**To do:**
Among the entries below, find the line with "An 18ct white" and the line with "Image showing close". Return exactly those lines and every line between them, but no pictures.
====== Source information
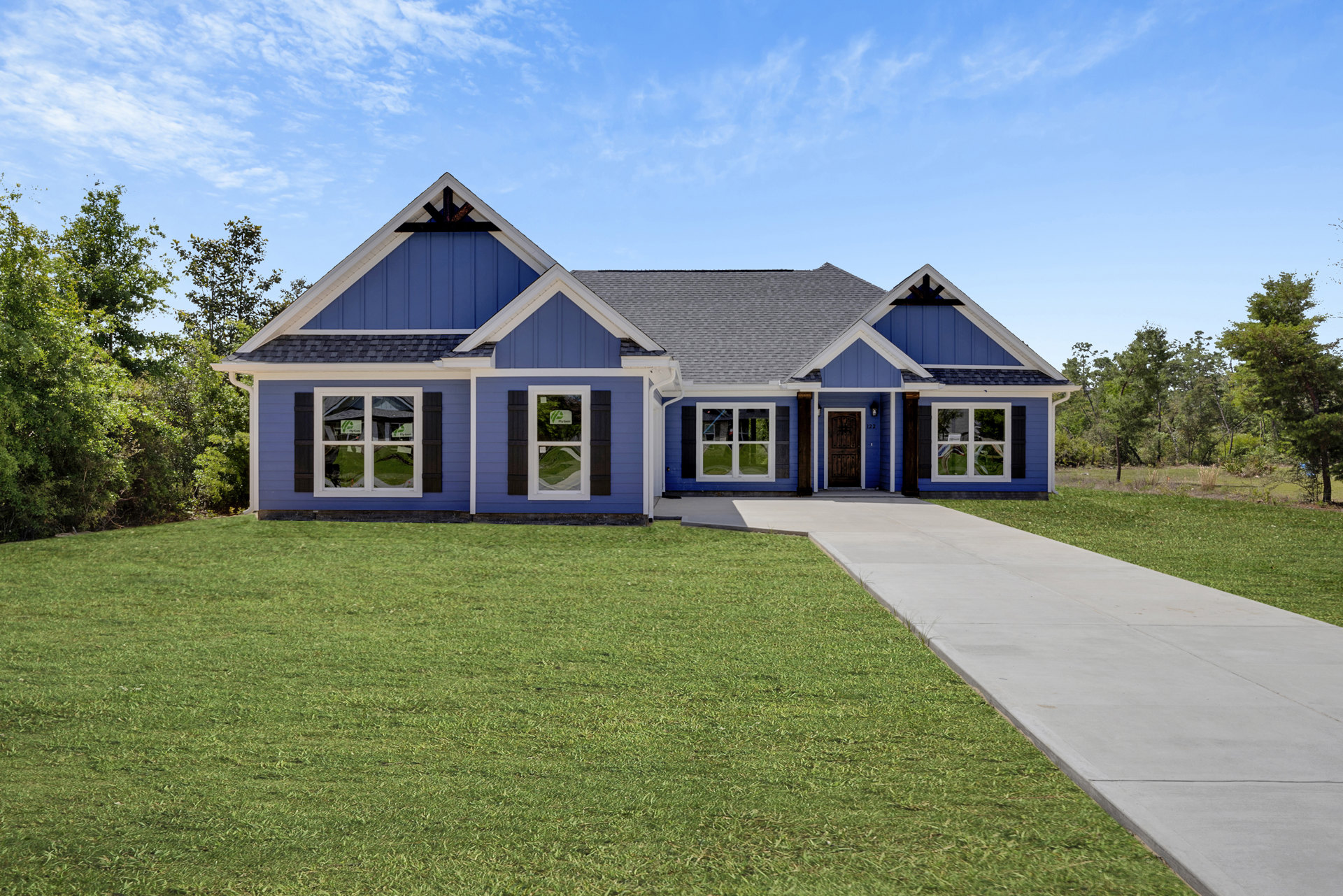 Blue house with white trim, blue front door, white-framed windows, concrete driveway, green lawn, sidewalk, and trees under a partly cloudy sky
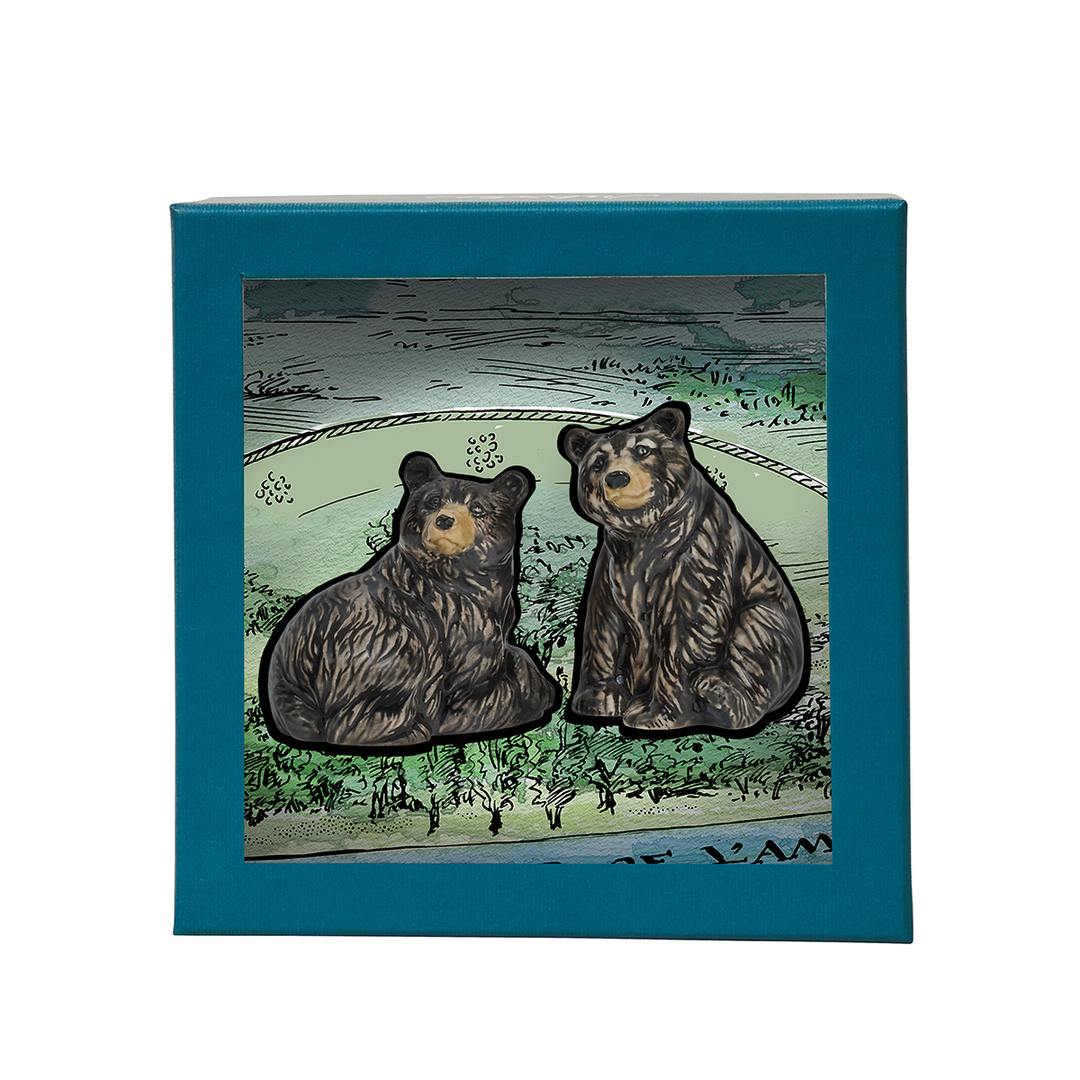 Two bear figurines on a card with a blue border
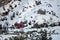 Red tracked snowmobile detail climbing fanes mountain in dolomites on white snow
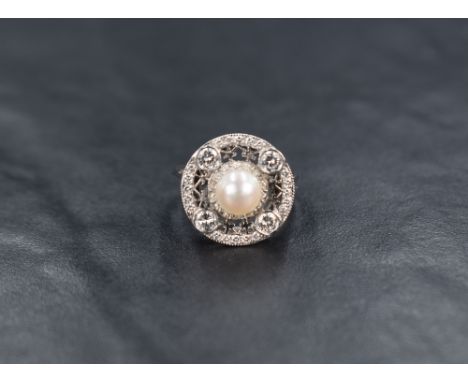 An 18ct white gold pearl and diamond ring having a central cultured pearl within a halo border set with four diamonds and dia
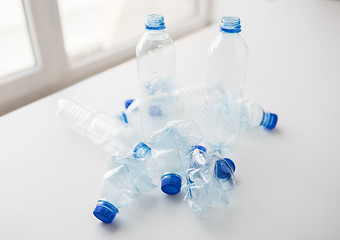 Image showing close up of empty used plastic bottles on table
============
====== Source information
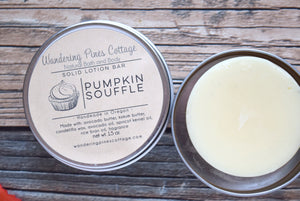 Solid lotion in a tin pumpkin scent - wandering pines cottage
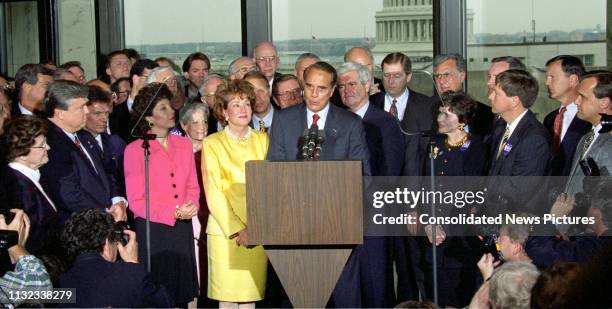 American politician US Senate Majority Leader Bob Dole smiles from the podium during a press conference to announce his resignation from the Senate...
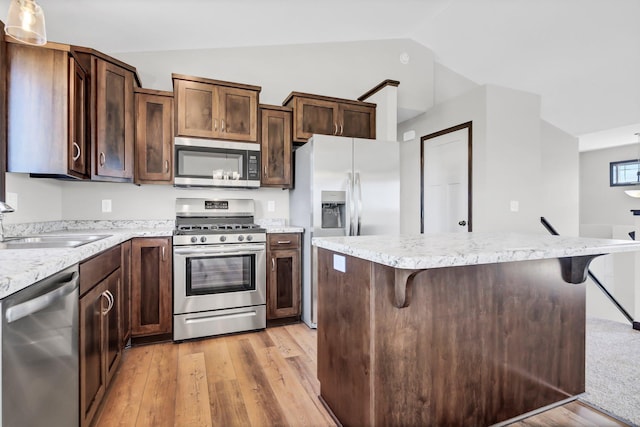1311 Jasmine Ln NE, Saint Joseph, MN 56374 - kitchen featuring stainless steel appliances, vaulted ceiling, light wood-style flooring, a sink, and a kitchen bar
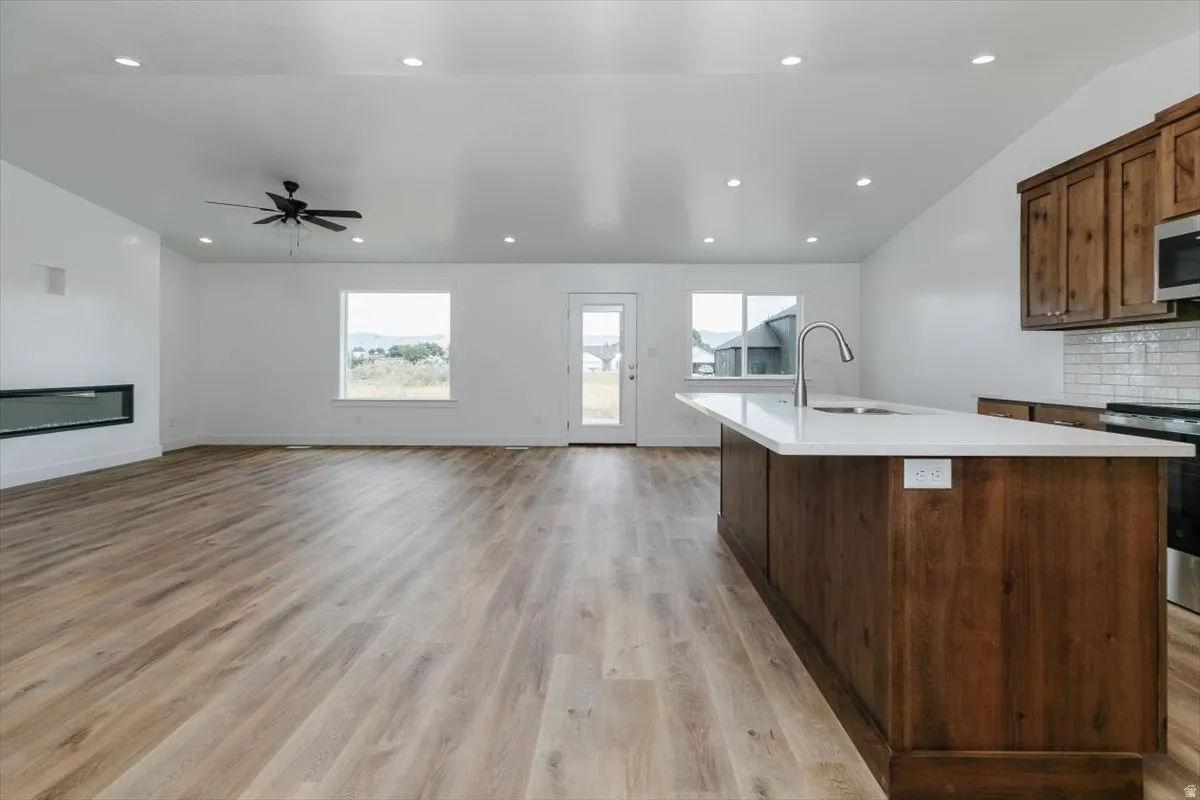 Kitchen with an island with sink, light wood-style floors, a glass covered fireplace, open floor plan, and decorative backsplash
============
**Solution:**
 An 18ct white gold pearl and diamond ring having a central cultured pearl within a halo border set with four diamonds and dia
 Image showing close up of empty used plastic bottles on table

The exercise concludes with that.